To install the latest development version from github

library(devtools)
install.packages("ff")
install.packages("rJava")
install_github("jwijffels/RMOA", subdir="RMOAjars/pkg")
install_github("jwijffels/RMOA", subdir="RMOA/pkg")

Examples

Examples below show how to construct, train and score using a HoeffdingTree and boosted ensemble of HoeffdingTree.

require(RMOA)

## Create a HoeffdingTree
hdt <- HoeffdingTree(numericEstimator = "GaussianNumericAttributeClassObserver")
hdt

## Define a stream - e.g. a stream based on a data.frame
data(iris)
iris <- factorise(iris)
irisdatastream <- datastream_dataframe(data=iris)

## Train the HoeffdingTree on the iris dataset
mymodel <- trainMOA(model = hdt, 
  formula = Species ~ Sepal.Length + Sepal.Width + Petal.Length, 
  data = irisdatastream)

## Predict using the HoeffdingTree on the iris dataset
scores <- predict(mymodel, newdata=iris, type="response")
str(scores)
table(scores, iris$Species)
scores <- predict(mymodel, newdata=iris, type="votes")
head(scores)


##
## Boosting example
##
irisdatastream$reset()
mymodel <- OzaBoost(baseLearner = "trees.HoeffdingTree", ensembleSize = 30)
mymodel <- trainMOA(model = mymodel, 
  formula = Species ~ Sepal.Length + Sepal.Width + Petal.Length, 
  data = irisdatastream)

## Predict using the HoeffdingTree on the iris dataset
scores <- predict(mymodel, newdata=iris, type="response")
str(scores)
table(scores, iris$Species)
scores <- predict(mymodel, newdata=iris, type="votes")
head(scores)


##
## Streaming regressions and streaming recommendation engines.

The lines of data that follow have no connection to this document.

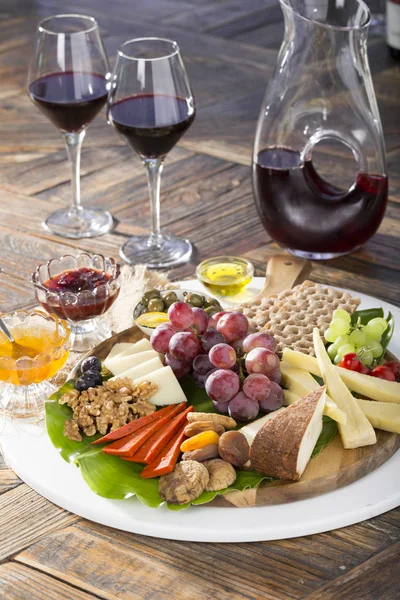 close up view of assorted tasty snacks served on plate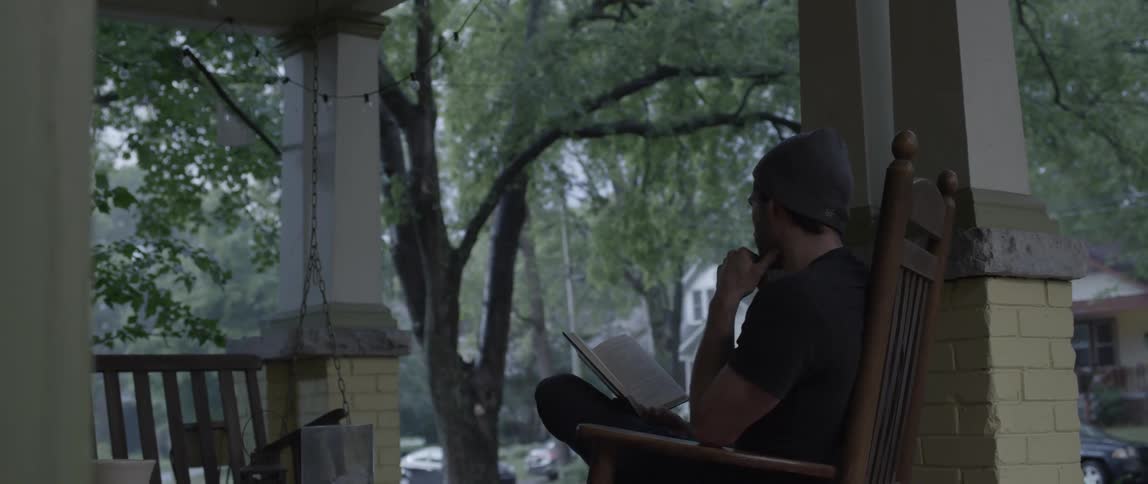 A man is sitting on a porch reading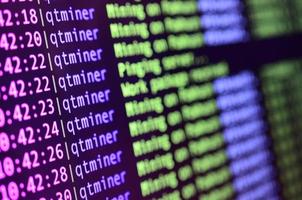 Macro snapshot of the program interface for crypto currency mining on the monitor of an office computer. The concept of mining bitcoins. The flow of information strings and data photo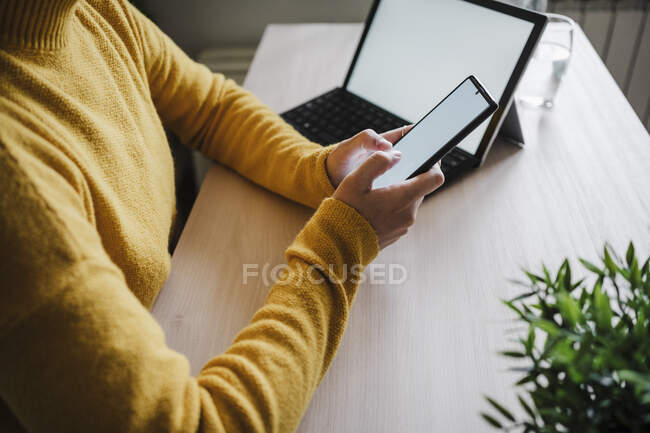 Mujer usando el teléfono móvil mientras está sentado junto a la mesa en la oficina en casa - foto de stock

Examples can be found in the documentation
##
?trainMOA.MOA_regressor
?trainMOA.MOA_recommender

Streams

Data streams are implemented for classic data in R (data.frame, matrix), data in files (csv, delimited, flat table) as well as out-of memory data in an ffdf (ff package).

TODO

Currently the following MOA models are not (yet) implemented in RMOA.

  • Multilabel, drift, functions, rules classifiers
  • Outlier detection
  • Clustering